Data entries
· · · · · · ·

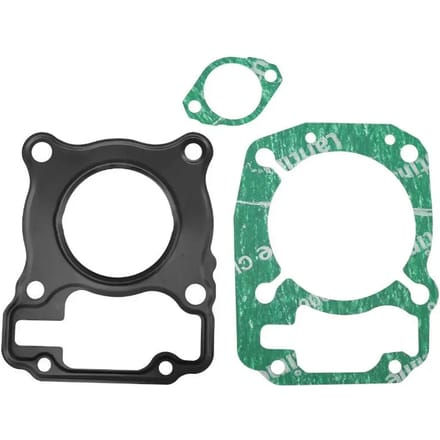 Bovenafdichting motor P2R Honda 125 Cbf, Cb-f-orcal-macbor-masai-archive 4T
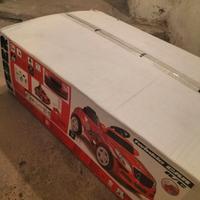 FEBER Twinkle car 12V radio control auto elettrica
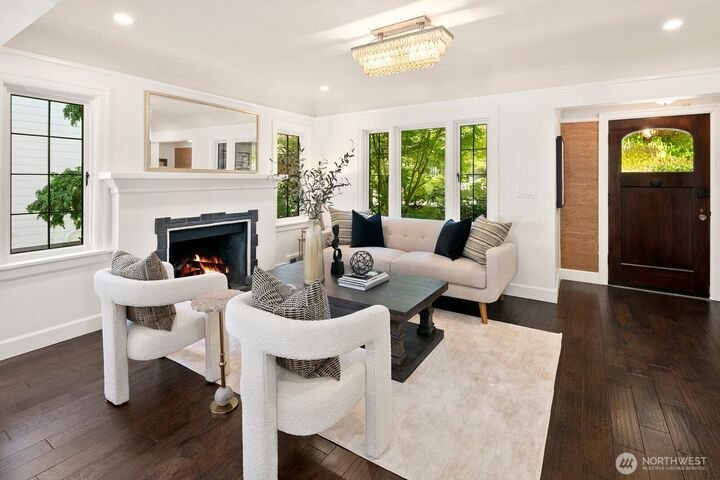 House in Seattle, Washington, United States 3 - 18758125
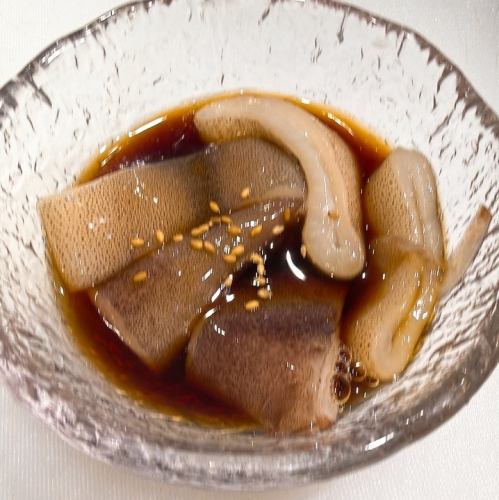 【海鮮・その他】イカ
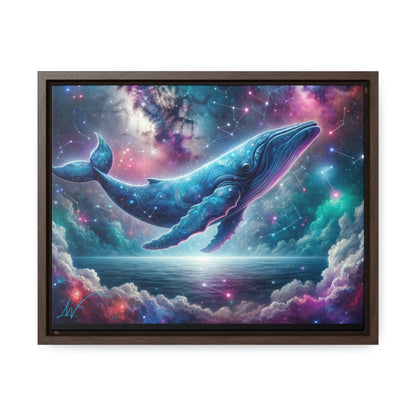 Galaxy Whale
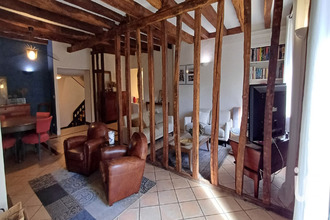 achat maison aixe-sur-vienne 87700
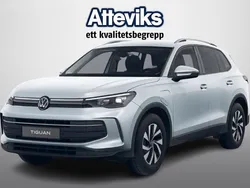 Ny 2025 VW Tiguan Edition SUV | 521 200 kr (Marknadspris)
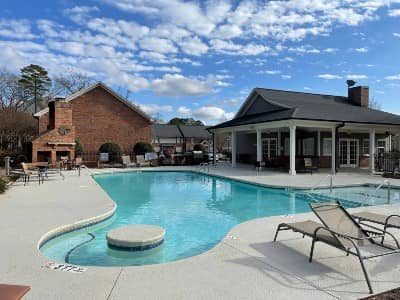 209 Calhoun Street 304 sold condo in Oakledge, Clemson, SC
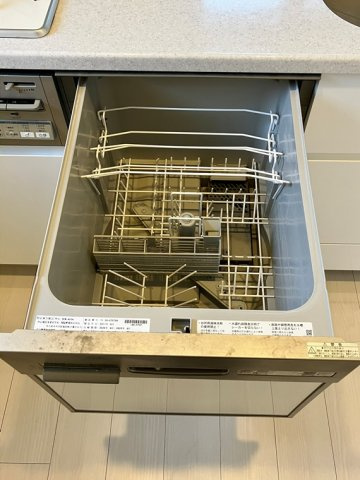 ディアクオーレ白金高輪の設備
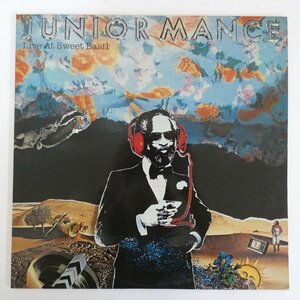 47054296;【国内盤】Junior Mance / Live at Sweet Brasil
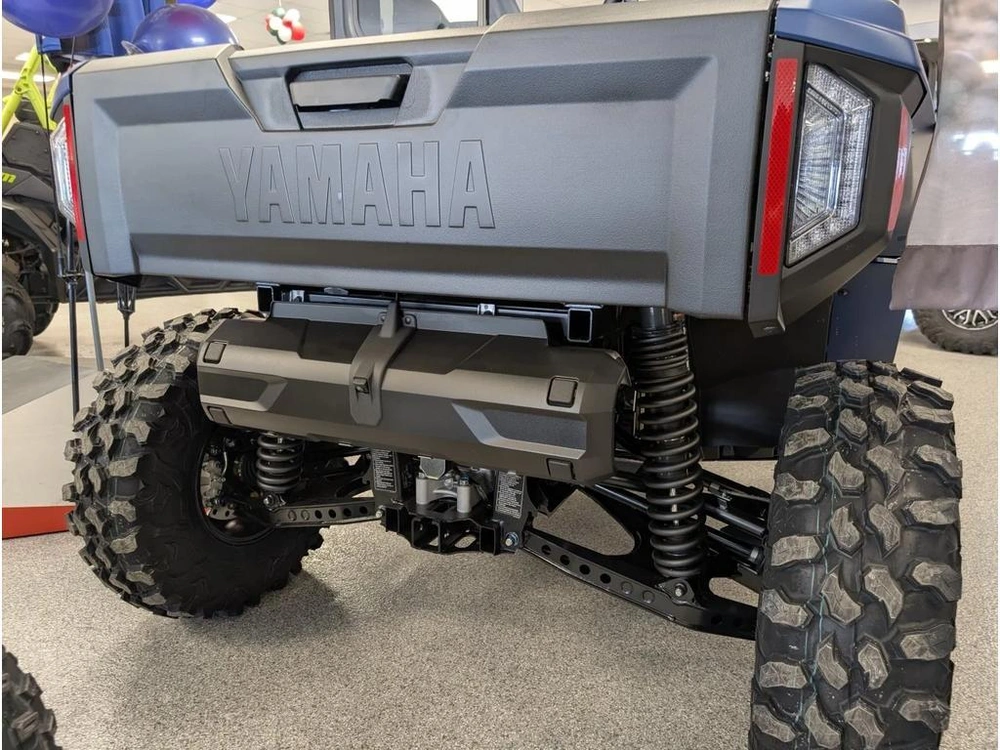 2026 Yamaha Wolverine Rmax2 1000 Limited - All In Price $34949 Plus Tax And Licensing - Finance Starting At 2.99% alt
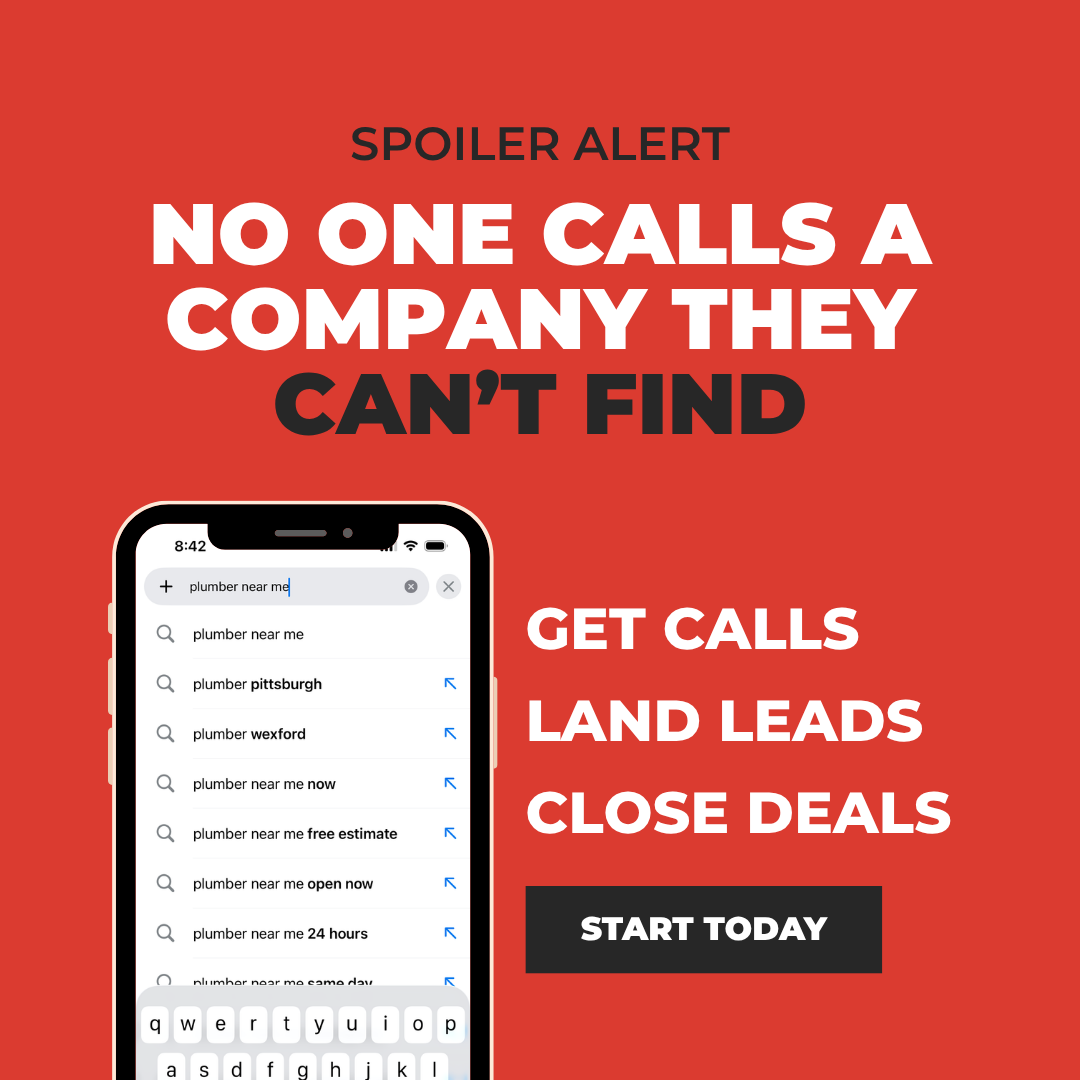 POWER Marketing Company Facebook ad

· · · · · · ·

Required work
The data above should be returned in full, exactly as written, apart from its images.

Exercise response
 Bovenafdichting motor P2R Honda 125 Cbf, Cb-f-orcal-macbor-masai-archive 4T
 FEBER Twinkle car 12V radio control auto elettrica
 House in Seattle, Washington, United States 3 - 18758125
 【海鮮・その他】イカ
 Galaxy Whale
 achat maison aixe-sur-vienne 87700
 Ny 2025 VW Tiguan Edition SUV | 521 200 kr (Marknadspris)
 209 Calhoun Street 304 sold condo in Oakledge, Clemson, SC
 ディアクオーレ白金高輪の設備
 47054296;【国内盤】Junior Mance / Live at Sweet Brasil
 2026 Yamaha Wolverine Rmax2 1000 Limited - All In Price $34949 Plus Tax And Licensing - Finance Starting At 2.99% alt
 POWER Marketing Company Facebook ad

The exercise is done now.